Devotion for December 11 (LCMS Daily Lectionary)   6 comments

Above:  Cross and Crown

Victorious Faith

 DECEMBER 11, 2023


Blessed Lord, who caused all holy Scriptures to be written for our learning:

Grant us so to hear them, read, mark, learn, and inwardly digest them,

that we may embrace and ever hold fast the blessed hope of everlasting life,

which you have given us in our Savior Jesus Christ,

who lives and reigns with you and the Holy Spirit,

one God, for ever and ever.  Amen.

The Book of Common Prayer (1979), page 236


The Assigned Readings:

Isaiah 28:14-29

Psalm 33 (Morning)

Psalms 85 and 91 (Evening)

1 John 5:1-21


The Johannine tradition, in opposition to Gnosticism, emphasizes the centrality of the Incarnation; Jesus is essential.  He was far more than a wise teacher; he was, in time and space, the incarnation of God.  The author of 1 John has spent preceding chapters writing of the centrality of detachment from the world in opposed to God, of sound Christology, and of active love.  The author is not content with theological abstractions.

Whenever I read the word “faith” in the Bible, I want to know what it means in that particular context.  Authors used that term to in at least three different ways.  So, if I am going to grasp a particular text accurately, I must know what it says in all germane contexts.  The commentaries I have consulted agree that faith, as in 1 John 5:4, is intellectual.  This understanding of faith seems closely related to that one finds in James; faith must be joined with actions.  Therein lies salvation.  That, by the way, is Roman Catholic theology.

I must also write about verse 18, which says that no child of God sins.  A child of God, as established in verse 1, is anyone who believes that Jesus is the Christ.  The translations on verse 18 vary, of course, but the passage, read in contexts of 1 John 5 and the rest of the Bible, means that no child of God is a slave to sin.  We might be children of God, but we are still prone to sin.

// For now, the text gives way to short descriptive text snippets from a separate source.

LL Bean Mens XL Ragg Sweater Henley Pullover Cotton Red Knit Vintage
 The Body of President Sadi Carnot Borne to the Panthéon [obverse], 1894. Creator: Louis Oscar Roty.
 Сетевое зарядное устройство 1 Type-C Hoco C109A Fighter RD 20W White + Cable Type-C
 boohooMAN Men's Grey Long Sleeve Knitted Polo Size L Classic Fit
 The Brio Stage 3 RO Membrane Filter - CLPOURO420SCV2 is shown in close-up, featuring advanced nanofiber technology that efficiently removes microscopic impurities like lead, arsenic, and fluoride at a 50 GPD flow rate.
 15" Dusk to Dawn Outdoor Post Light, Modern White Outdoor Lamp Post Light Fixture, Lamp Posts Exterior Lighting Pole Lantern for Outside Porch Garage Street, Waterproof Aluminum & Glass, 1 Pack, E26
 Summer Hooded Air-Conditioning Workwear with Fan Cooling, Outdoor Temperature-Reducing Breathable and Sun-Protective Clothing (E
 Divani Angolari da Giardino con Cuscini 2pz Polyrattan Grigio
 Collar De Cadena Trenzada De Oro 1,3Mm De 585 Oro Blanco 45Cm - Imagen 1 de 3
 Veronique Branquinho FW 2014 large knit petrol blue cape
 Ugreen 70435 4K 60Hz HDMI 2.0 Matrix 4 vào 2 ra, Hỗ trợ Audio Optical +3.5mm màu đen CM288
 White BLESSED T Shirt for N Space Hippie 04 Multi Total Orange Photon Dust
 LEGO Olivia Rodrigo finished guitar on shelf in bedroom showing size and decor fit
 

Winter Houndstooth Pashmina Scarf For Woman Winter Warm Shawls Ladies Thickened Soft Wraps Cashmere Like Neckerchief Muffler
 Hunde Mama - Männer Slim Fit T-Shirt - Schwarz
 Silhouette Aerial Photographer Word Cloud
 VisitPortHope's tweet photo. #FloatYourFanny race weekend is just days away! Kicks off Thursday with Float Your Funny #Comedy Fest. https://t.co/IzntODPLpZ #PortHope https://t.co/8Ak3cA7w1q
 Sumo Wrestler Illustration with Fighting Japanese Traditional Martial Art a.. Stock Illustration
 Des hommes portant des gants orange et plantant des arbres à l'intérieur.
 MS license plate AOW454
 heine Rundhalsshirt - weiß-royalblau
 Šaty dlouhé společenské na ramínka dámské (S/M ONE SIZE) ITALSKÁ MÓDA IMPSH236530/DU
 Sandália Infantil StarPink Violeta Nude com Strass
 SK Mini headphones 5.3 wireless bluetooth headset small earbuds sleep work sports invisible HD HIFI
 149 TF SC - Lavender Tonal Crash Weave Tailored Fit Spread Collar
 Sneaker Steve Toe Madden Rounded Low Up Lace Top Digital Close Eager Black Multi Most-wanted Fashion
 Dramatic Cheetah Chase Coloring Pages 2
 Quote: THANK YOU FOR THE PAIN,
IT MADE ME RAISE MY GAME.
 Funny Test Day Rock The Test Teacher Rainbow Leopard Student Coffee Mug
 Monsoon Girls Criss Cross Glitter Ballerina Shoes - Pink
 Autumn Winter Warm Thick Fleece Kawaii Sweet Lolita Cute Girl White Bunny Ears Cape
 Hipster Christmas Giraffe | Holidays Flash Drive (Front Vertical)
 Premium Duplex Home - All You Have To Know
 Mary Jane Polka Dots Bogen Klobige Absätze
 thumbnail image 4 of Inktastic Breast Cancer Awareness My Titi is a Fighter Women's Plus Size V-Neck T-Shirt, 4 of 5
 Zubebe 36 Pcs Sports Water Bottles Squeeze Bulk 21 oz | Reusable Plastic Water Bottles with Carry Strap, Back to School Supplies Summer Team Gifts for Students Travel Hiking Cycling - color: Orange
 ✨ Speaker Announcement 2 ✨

Isaiah 24:14-29 condemns treaties the leaders of Judah made with their Assyrian and Egyptian counterparts, hardly trustworthy partners.  Such treaties are in vain, the prophet, quoting God, said.  And Isaiah was correct.  Then, at the end of the passage, we read metaphors for the fate of the northern kingdom (Israel) and the preservation of a remnant of the southern kingdom (Judah).  These are the words of Yahweh, of whom the text says:

His counsel is unfathomable,

His wisdom marvelous.

–Isaiah 28:29, TANAKH:  The Holy Scriptures

Why should one kingdom end for all time and its neighbor survive as a remnant?  And why did God come among us as one of us, beginning as a helpless child?  These are questions one can answer only in God, who has unfathomable counsel and marvelous wisdom.  There is one in whom we can and should believe both intellectually and actively, in whom we can and should have faith, both active and intellectual.  Despite the different uses of “faith” in the Bible, a consensus emerges from the texts:  Faith, essential in the context of a lack of evidence for against a proposition, such as that Jesus in the Christ of God, begins intellectually yet must find expression in works.  There is, in other words, a difference between having faith and agreeing that a proposition is true but not acting on it.  The former makes us victorious.